Skip to content

t-Tests, Effect Sizes, and Power

This chapter revisits t-tests for two-group comparisons, introduces effect sizes, and discusses power qualitatively for food spectroscopy.

t-tests recap

  • One-sample: Compare a mean to a reference ( \mu_0 ).
  • Two-sample (Welch): Compare two independent group means.
  • Paired: Compare matched pairs (before/after heating).
  • Statistic (two-sample, Welch): ( t = \frac{\bar{x}_1 - \bar{x}_2}{\sqrt{s_1^2/n_1 + s_2^2/n_2}} )

Effect sizes

  • Cohen’s d: Standardized mean difference.
  • Pooled SD: ( d = (\bar{x}_1 - \bar{x}_2)/s_p ).
  • Interpret alongside p-values to gauge magnitude.
  • Confidence intervals: Not computed directly in FoodSpec; use bootstrap resampling (e.g., bootstrap_metric on Cohen’s d) to obtain empirical CIs, or rely on external stats libraries if analytic CIs are required.

Power (qualitative)

  • Influenced by effect size, variance, sample size, and significance level.
  • More replicates and lower noise increase power; good preprocessing reduces variance.
  • For small datasets, lack of significance may reflect low power rather than no effect.
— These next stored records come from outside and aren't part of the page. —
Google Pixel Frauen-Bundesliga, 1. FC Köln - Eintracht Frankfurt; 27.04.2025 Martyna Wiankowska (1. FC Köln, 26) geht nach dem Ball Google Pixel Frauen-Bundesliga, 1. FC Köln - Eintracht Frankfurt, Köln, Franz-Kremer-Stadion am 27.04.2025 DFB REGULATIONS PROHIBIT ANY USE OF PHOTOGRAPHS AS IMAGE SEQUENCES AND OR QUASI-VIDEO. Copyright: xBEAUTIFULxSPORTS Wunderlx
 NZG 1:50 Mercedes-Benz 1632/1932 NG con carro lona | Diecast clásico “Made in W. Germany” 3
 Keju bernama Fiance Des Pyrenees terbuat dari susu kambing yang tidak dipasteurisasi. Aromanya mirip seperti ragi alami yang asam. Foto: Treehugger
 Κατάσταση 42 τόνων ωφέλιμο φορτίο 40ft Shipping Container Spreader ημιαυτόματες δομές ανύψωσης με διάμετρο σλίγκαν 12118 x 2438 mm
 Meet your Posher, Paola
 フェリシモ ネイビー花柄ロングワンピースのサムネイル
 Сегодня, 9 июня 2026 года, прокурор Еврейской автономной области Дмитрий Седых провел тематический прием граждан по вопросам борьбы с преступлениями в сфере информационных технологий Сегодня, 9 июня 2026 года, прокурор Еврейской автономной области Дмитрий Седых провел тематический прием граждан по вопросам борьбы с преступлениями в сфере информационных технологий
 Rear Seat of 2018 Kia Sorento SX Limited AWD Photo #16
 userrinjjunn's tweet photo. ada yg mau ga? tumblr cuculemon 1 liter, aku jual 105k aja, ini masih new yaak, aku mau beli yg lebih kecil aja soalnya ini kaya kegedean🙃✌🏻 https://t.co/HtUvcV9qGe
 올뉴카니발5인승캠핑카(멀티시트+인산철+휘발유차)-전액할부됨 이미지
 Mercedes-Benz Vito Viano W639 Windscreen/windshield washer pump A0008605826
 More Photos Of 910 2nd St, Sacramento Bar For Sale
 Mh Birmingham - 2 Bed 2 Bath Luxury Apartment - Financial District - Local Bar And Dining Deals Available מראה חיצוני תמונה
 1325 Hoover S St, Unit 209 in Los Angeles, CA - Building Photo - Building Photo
Food spectroscopy examples

  • Compare peak ratio between authentic vs suspect batches (two-sample).
  • Paired comparison before/after mild heating of the same oil.

Code snippet

from foodspec.stats import run_ttest, compute_cohens_d

g1 = [1.0, 1.1, 0.9]
g2 = [1.8, 1.9, 1.7]
res = run_ttest(g1, g2)
print(res.summary)
print("Cohen's d:", compute_cohens_d(g1, g2))

Interpretation

  • Report t-statistic, df, p-value, and effect size. Discuss practical importance (e.g., does d correspond to meaningful quality change?).
  • Avoid equating non-significance with equivalence; consider power and confidence intervals.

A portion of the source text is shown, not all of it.